POLÍTICA EXTERNA_________________________________
Ele fala ainda em "definição de nova estratégia de negociações comerciais bilaterais, regionais e globais, para pôr fim ao isolamento do Brasil, priorizando a abertura de novos mercados e a integração do Brasil às cadeias produtivas globais".
"A prioridade à América do Sul, América Latina e Caribe se traduzirá no empenho em fortalecer Mercosul, Unasul e Comunidade dos Países da América Latina e Caribe, sem discriminação de ordem ideológica", assegura o programa. "Da mesma forma, será dada ênfase às relações com a África, com os países asiáticos - a China é nosso principal parceiro comercial - e com o mundo árabe."
O programa pondera, no entanto: "A importância dada aos países do sul do mundo, que têm expressão concreta no Brics (Brasil, Rússia, Índia, China e África do Sul), não significa desconsiderar os países desenvolvidos. Bem ao contrário, é de grande relevância nosso relacionamento com os Estados Unidos, por sua importância econômica, política, científica e tecnológica, sem falar no volume de nosso comércio bilateral. Critério semelhante é válido para nossas relações com a União Europeia e com o Japão".
MEIO AMBIENTE____________________________________
O meio ambiente ocupa maior espaço nos programas de ambos do que a maioria dos outros tópicos, como resultado do impacto da entrada de Marina Silva na corrida presidencial. Tanto Aécio quanto Dilma se comprometem a adotar medidas para reduzir a emissão de gás carbono e o desmatamento, e falam em implementar o Cadastro Ambiental Rural, previsto no novo Código Florestal. Ambos enfatizam também o papel das populações indígenas na conservação da biodiversidade - uma das preocupações expressas por Marina ao conferir apoio a Aécio no segundo turno.
O candidato tucano propõe orientar a gestão das unidades de conservação com o objetivo de gerar renda para as populações locais; formar corredores ecológicos de modo a conectá-las umas às outras; e criar políticas para a remuneração dos chamados "serviços ambientais" - como a manutenção das florestas de pé.
Inversamente ao programa do PT, Aécio se compromete a manter a importância do pré-sal, ao realçar a necessidade de expansão das fontes renováveis, e promete uma política tributária de incentivo aos biocombustíveis.

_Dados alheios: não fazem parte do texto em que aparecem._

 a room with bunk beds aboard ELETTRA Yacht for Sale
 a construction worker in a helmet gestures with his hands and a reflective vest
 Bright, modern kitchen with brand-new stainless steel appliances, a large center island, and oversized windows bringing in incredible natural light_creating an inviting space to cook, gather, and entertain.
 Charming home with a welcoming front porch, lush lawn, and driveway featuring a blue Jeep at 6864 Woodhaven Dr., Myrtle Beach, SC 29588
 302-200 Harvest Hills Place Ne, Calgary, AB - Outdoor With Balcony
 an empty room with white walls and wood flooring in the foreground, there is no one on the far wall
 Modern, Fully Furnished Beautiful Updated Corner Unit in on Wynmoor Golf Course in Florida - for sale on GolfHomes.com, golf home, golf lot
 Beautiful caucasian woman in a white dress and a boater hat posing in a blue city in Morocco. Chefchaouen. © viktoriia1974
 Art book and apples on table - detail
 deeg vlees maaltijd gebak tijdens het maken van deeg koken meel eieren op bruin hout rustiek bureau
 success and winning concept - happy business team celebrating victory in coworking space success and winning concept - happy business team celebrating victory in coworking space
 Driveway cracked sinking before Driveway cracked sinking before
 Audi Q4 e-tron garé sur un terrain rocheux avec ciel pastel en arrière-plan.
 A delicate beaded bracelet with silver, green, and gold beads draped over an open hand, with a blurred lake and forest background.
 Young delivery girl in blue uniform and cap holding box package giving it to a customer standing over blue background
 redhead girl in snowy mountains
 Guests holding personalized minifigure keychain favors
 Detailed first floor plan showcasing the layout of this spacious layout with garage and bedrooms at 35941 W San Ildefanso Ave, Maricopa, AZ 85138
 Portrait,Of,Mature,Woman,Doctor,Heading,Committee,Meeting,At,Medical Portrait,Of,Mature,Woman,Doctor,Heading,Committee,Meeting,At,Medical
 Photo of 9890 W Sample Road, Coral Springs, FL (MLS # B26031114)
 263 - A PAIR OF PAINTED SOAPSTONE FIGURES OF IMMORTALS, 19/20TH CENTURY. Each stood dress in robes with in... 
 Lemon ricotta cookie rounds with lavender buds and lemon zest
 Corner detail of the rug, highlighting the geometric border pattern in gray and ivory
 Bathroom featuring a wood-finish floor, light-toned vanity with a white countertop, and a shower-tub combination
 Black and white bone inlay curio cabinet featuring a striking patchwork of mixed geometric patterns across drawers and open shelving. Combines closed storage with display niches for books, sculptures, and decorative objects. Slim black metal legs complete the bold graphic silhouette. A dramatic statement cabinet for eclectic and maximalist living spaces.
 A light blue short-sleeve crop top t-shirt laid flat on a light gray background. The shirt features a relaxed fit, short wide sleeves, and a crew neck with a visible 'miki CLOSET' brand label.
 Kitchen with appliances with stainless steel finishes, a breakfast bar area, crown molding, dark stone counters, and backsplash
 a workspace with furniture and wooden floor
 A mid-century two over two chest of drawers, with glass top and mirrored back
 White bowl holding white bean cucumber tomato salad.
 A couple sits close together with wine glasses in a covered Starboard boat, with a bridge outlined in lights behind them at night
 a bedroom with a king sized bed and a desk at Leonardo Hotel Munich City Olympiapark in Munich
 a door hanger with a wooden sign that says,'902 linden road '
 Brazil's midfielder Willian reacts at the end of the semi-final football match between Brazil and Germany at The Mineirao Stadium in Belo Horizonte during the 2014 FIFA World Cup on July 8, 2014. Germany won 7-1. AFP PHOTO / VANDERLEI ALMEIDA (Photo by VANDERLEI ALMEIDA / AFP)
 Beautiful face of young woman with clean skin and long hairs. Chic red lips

Dilma fala em "fortalecer a coordenação intergovernamental" entre União, Estados e municípios, para gerir políticas internas, nas áreas de licenciamento ambiental, recursos hídricos, mudança climática e florestas. Para isso, promete regulamentar a lei complementar 140, sancionada em dezembro de 2011, que trata dessa cooperação entre os entes federativos.
O programa coloca como prioridade a chamada segurança hídrica, também preconizando a cooperação entre os três níveis de governo para atender às necessidades múltiplas de uso da água. E diz que "o Brasil se engajará fortemente nas negociações climáticas internacionais que terão lugar em 2015, para que seus interesses sejam contemplados no processo de estabelecimento dos parâmetros globais".